Глубоко дыша, унимая заполошное сердце, Игорь Максимович глядел в потолок, скрытый ночной чернотой. Тоска разрасталась в душе, раня холодом.
— Старость — не радость… — шевельнулись губы, складываясь в жалкую улыбочку.
Он сел и опустил ноги на коврик. Знакомое касание отозвалось внутри успокоением.
«Что уж тут поделаешь… — понурился Котов. — Разве долгая молодость или здоровая старость — обещанье долголетия?»
Застегнув пижаму, он сунул ноги в мягкие войлочные тапки, и спустился в гостиную. Прошелся, касаясь рукою корешков старых книг. Провел кончиками пальцев по скользкой, уже остывшей каминной полке, и прошаркал в кабинет, став печальным и смиренным.

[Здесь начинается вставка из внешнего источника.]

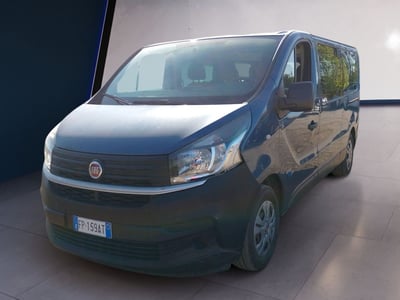 Fiat Talento Furgone Talento 1.6 TwinTurbo MJT 125CV PC-TN Combi 12q del 2018 usata a Fisciano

«Первым делом — привести в порядок бумаги, — думал Игорь Максимович, будто вчуже. — Ох, суеты сколько, а беготни…»
Он медленно опустился в кресло, и уставился в окно.
За стеклом — зыбкая тьма, но края крыш уже даются взгляду — на востоке копится предрассветная серизна. Еще совсем немножко сдвинется, подвернется земной шар — и затеплится заря, нежное предвестье утра…
— Некогда тут красотами любоваться! — грубо скомкав лирику, Котов достал пухлую папку, и буркнул: — Делом займись!